What is expected » The full listing should be reproduced exactly as it appears.

#### Input data ####

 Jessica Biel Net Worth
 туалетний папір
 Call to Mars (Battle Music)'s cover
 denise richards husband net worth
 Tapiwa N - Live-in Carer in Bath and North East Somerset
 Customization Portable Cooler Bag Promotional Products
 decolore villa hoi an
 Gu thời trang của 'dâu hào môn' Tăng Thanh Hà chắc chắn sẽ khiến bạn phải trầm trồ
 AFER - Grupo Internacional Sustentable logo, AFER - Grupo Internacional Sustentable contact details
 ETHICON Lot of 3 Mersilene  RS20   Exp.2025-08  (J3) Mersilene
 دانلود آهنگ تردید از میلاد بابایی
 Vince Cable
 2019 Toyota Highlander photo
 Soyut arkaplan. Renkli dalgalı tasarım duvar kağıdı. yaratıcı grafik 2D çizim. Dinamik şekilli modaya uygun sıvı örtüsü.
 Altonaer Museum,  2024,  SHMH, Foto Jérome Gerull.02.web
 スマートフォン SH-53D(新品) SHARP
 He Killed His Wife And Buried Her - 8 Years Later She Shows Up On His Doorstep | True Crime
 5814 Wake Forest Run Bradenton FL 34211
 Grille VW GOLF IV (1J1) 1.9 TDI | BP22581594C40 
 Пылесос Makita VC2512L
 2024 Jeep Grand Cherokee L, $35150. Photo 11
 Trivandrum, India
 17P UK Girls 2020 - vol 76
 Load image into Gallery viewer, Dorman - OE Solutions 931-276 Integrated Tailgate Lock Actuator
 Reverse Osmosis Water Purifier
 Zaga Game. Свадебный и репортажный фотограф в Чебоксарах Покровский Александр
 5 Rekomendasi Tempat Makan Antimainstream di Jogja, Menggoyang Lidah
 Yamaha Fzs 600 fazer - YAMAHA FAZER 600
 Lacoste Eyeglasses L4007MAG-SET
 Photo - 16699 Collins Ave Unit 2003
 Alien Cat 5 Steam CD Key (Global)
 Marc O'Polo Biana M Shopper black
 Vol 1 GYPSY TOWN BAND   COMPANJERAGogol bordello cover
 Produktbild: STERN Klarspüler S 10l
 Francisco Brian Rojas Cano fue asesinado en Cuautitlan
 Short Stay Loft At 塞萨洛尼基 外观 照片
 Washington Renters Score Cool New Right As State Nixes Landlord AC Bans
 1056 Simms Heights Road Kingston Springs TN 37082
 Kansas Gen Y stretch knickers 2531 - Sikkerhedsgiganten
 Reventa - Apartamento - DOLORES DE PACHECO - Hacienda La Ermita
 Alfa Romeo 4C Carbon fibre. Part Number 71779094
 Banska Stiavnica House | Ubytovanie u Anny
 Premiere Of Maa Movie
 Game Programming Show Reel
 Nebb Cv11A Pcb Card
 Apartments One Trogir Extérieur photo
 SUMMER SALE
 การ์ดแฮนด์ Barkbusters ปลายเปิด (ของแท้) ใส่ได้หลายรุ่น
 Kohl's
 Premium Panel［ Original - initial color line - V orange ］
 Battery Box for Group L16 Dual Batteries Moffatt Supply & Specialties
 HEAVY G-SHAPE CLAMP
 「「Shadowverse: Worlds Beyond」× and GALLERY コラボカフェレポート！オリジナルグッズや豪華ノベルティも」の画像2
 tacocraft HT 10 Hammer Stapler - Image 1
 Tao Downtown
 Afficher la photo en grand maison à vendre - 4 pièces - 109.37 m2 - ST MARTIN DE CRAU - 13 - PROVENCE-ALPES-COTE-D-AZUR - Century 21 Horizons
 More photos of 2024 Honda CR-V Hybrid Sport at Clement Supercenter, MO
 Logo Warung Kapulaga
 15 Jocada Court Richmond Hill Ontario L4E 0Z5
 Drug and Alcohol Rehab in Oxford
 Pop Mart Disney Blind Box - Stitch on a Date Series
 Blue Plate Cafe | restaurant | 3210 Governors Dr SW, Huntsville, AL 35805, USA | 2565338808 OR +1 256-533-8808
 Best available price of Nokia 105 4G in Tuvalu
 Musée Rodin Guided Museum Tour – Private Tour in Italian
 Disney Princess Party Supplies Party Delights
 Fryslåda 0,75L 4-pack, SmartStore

####

Result »
 Jessica Biel Net Worth
 туалетний папір
 Call to Mars (Battle Music)'s cover
 denise richards husband net worth
 Tapiwa N - Live-in Carer in Bath and North East Somerset
 Customization Portable Cooler Bag Promotional Products
 decolore villa hoi an
 Gu thời trang của 'dâu hào môn' Tăng Thanh Hà chắc chắn sẽ khiến bạn phải trầm trồ
 AFER - Grupo Internacional Sustentable logo, AFER - Grupo Internacional Sustentable contact details
 ETHICON Lot of 3 Mersilene  RS20   Exp.2025-08  (J3) Mersilene
 دانلود آهنگ تردید از میلاد بابایی
 Vince Cable
 2019 Toyota Highlander photo
 Soyut arkaplan. Renkli dalgalı tasarım duvar kağıdı. yaratıcı grafik 2D çizim. Dinamik şekilli modaya uygun sıvı örtüsü.
 Altonaer Museum,  2024,  SHMH, Foto Jérome Gerull.02.web
 スマートフォン SH-53D(新品) SHARP
 He Killed His Wife And Buried Her - 8 Years Later She Shows Up On His Doorstep | True Crime
 5814 Wake Forest Run Bradenton FL 34211
 Grille VW GOLF IV (1J1) 1.9 TDI | BP22581594C40 
 Пылесос Makita VC2512L
 2024 Jeep Grand Cherokee L, $35150. Photo 11
 Trivandrum, India
 17P UK Girls 2020 - vol 76
 Load image into Gallery viewer, Dorman - OE Solutions 931-276 Integrated Tailgate Lock Actuator
 Reverse Osmosis Water Purifier
 Zaga Game. Свадебный и репортажный фотограф в Чебоксарах Покровский Александр
 5 Rekomendasi Tempat Makan Antimainstream di Jogja, Menggoyang Lidah
 Yamaha Fzs 600 fazer - YAMAHA FAZER 600
 Lacoste Eyeglasses L4007MAG-SET
 Photo - 16699 Collins Ave Unit 2003
 Alien Cat 5 Steam CD Key (Global)
 Marc O'Polo Biana M Shopper black
 Vol 1 GYPSY TOWN BAND   COMPANJERAGogol bordello cover
 Produktbild: STERN Klarspüler S 10l
 Francisco Brian Rojas Cano fue asesinado en Cuautitlan
 Short Stay Loft At 塞萨洛尼基 外观 照片
 Washington Renters Score Cool New Right As State Nixes Landlord AC Bans
 1056 Simms Heights Road Kingston Springs TN 37082
 Kansas Gen Y stretch knickers 2531 - Sikkerhedsgiganten
 Reventa - Apartamento - DOLORES DE PACHECO - Hacienda La Ermita
 Alfa Romeo 4C Carbon fibre. Part Number 71779094
 Banska Stiavnica House | Ubytovanie u Anny
 Premiere Of Maa Movie
 Game Programming Show Reel
 Nebb Cv11A Pcb Card
 Apartments One Trogir Extérieur photo
 SUMMER SALE
 การ์ดแฮนด์ Barkbusters ปลายเปิด (ของแท้) ใส่ได้หลายรุ่น
 Kohl's
 Premium Panel［ Original - initial color line - V orange ］
 Battery Box for Group L16 Dual Batteries Moffatt Supply & Specialties
 HEAVY G-SHAPE CLAMP
 「「Shadowverse: Worlds Beyond」× and GALLERY コラボカフェレポート！オリジナルグッズや豪華ノベルティも」の画像2
 tacocraft HT 10 Hammer Stapler - Image 1
 Tao Downtown
 Afficher la photo en grand maison à vendre - 4 pièces - 109.37 m2 - ST MARTIN DE CRAU - 13 - PROVENCE-ALPES-COTE-D-AZUR - Century 21 Horizons
 More photos of 2024 Honda CR-V Hybrid Sport at Clement Supercenter, MO
 Logo Warung Kapulaga
 15 Jocada Court Richmond Hill Ontario L4E 0Z5
 Drug and Alcohol Rehab in Oxford
 Pop Mart Disney Blind Box - Stitch on a Date Series
 Blue Plate Cafe | restaurant | 3210 Governors Dr SW, Huntsville, AL 35805, USA | 2565338808 OR +1 256-533-8808
 Best available price of Nokia 105 4G in Tuvalu
 Musée Rodin Guided Museum Tour – Private Tour in Italian
 Disney Princess Party Supplies Party Delights
 Fryslåda 0,75L 4-pack, SmartStore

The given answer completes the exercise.